- _Stored data_
──────────

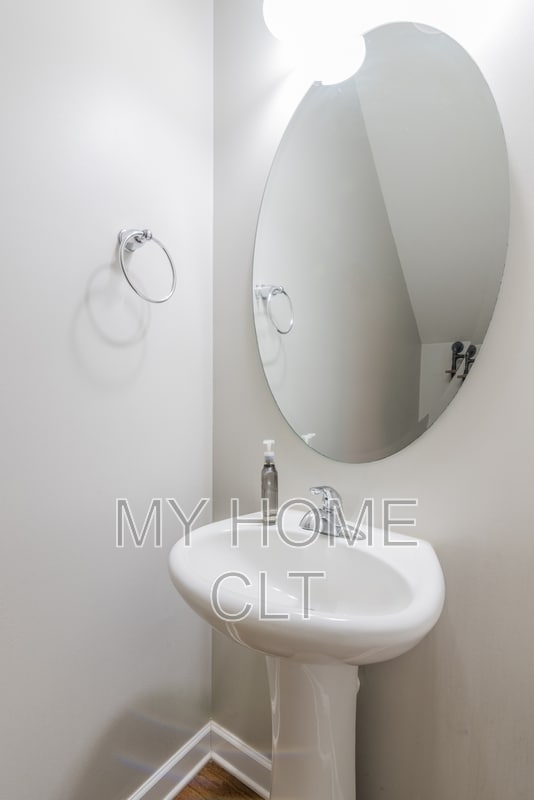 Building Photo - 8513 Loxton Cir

──────────

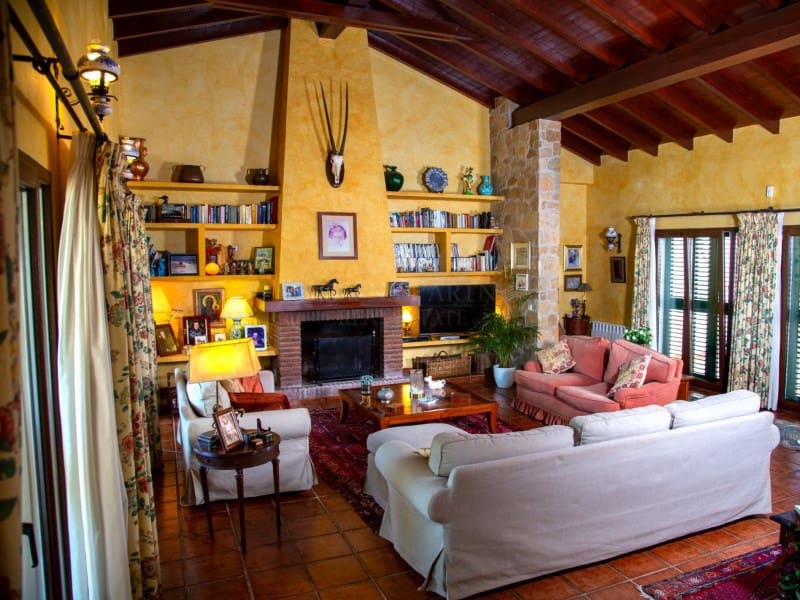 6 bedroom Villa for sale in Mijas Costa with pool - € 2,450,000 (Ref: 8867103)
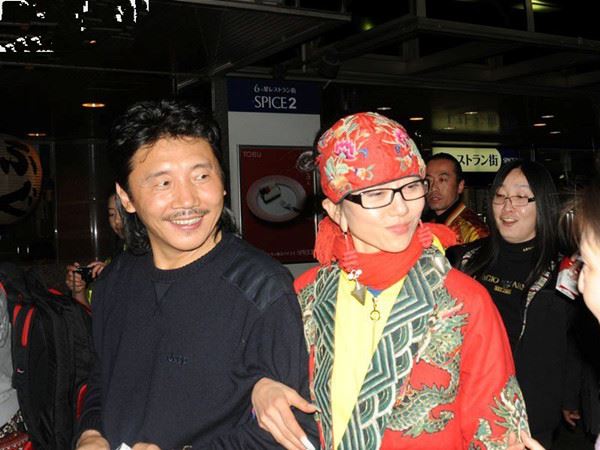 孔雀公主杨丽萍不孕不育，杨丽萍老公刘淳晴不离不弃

──────────

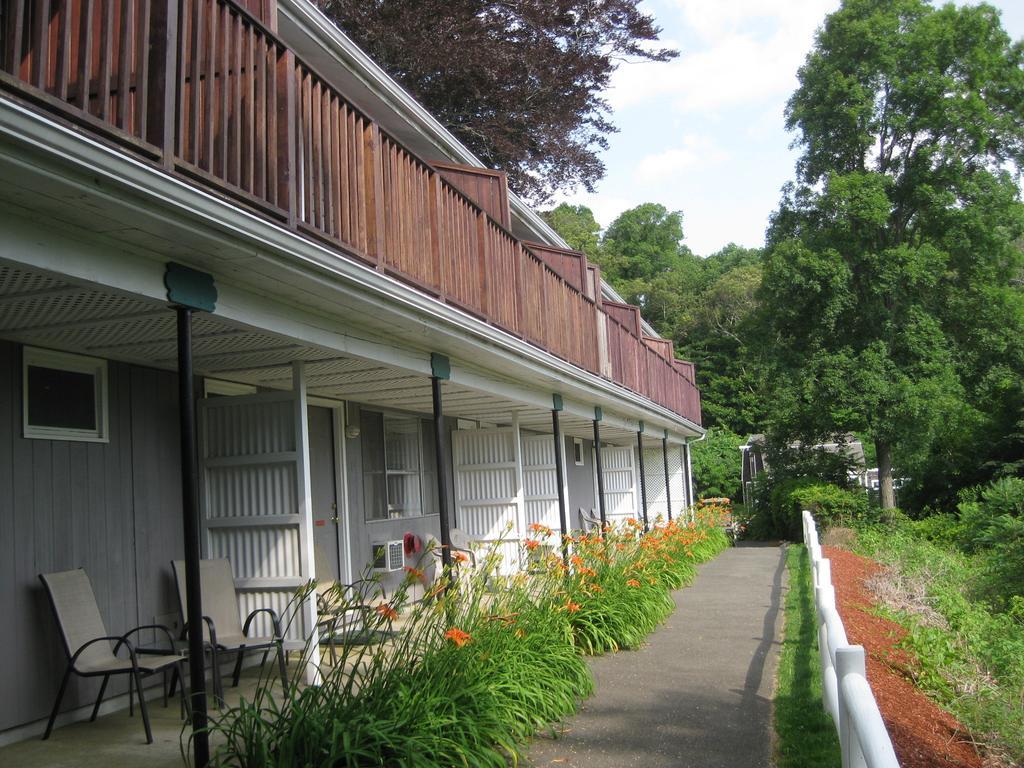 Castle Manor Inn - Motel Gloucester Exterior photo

──────────

- _Exercise details_
Could you output exactly the lines above, from the line with "6 bedroom Villa" up to and including the line with "孔雀公主杨丽萍不孕不育，杨丽萍老公刘淳晴不离不弃", and nothing else, skipping the pictures?

- _Solution for this exercise_
 6 bedroom Villa for sale in Mijas Costa with pool - € 2,450,000 (Ref: 8867103)
 孔雀公主杨丽萍不孕不育，杨丽萍老公刘淳晴不离不弃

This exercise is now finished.